Do you think storage is complicated in kubernetes, yes it is.
PV, PVC, StorageClass sounds unfamiliar to you ? I hope this post will help you.
Storage components in a cluster
PV : Persistent volume is like a logical volume in LVM which is linked to the physical storage. It’s a resource created manually by administrator or dynamically with storageclass (don’t pay attention about dynamic provisionning for now, I’ll discusss about it later). A PV is a cluster-wide resource.
PVC : A Persistent volume claim consumed the storage in the PV and is requested by a user . You ask for a space size, and PVC is gonna get this space on PV. A PVC is a resource which resides in a namespace.
PV and PVC works together. One provide the storage, the other request the storage.
Kubernetes provides two ways to manage persistent volumes: static and dynamic
Static Provisioning
Static provisioning is when an administrator define the PV beforehand, then create the PVC to consume the storage defined in the PV.

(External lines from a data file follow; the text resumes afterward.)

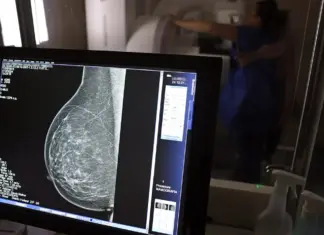Lei reforça folga para exame preventivo sem desconto mamografia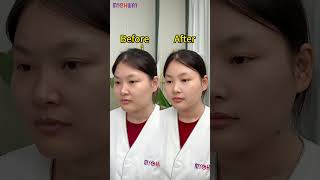 Notice the amazing skin and body transformation 😍 CavitationMachine FacialDevice AntiAging [upl. by Nomahs908]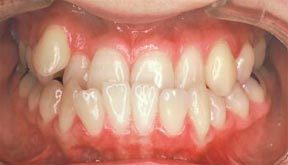 Case 2 Before R & R Orthodontics in LaGrangeville and Fishkill, NY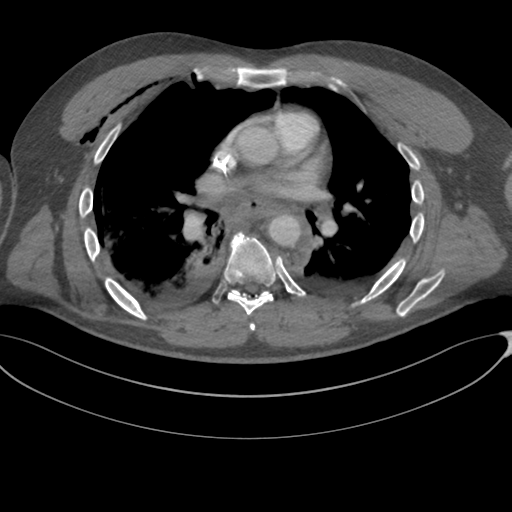 File:Chest multitrauma - aortic injury (Radiopaedia 34708-36147 A 148).png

Here the process to attach a volume to a pod
-
Create manually the PV(s) with the storage capacity and access mode desired.
-
Create a PVC with the storage size we want to request from the PV
-
Lastly, we configure the PVC in the pod specification to uses the storage.
Example of static provisionning
Creation of the PV with 10Gi of storage using hostPath type
apiVersion: v1
kind: PersistentVolume
metadata:
name: task-pv-volume
labels:
type: local
spec:
capacity:
storage: 10Gi
accessModes:
- ReadWriteOnce
hostPath:
path: "/mnt/data"
Creation of the PVC and define a 3G of storage to be request to the PV defined above
kind: PersistentVolumeClaim
apiVersion: v1
metadata:
name: task-pv-claim
spec:
accessModes:
- ReadWriteOnce
resources:
requests:
storage: 3Gi
apiVersion: v1
kind: Pod
metadata:
name: task-pv-pod
spec:
volumes:
- name: task-pv-storage
persistentVolumeClaim:
claimName: task-pv-claim #3 Specify the pvc name defined in metadata field (section above)
containers:
- name: task-pv-container
image: nginx
ports:
- containerPort: 80
name: "http-server"
volumeMounts:
- mountPath: "/usr/share/nginx/html"
name: task-pv-storage
Dynamic Provisioning
To avoid to create the PV beforehand, k8s introduced the concept of StorageClass
Using dynamic provisioning reduces administrative overhead involved in manually creating PV. Automatically allocating and deallocating PV in response to persistent volume claims can help to reduce wasted storage that is allocated but never used.
A StorageClass defines the parameters we want for the dynamic PV creation:
-
provisionner (NFS, GCE PD, Azure Disk, EBS..)
-
Mount options
-
parameters: Depends on the provisioner type. Could be type of volume, type of filesystem, encryption)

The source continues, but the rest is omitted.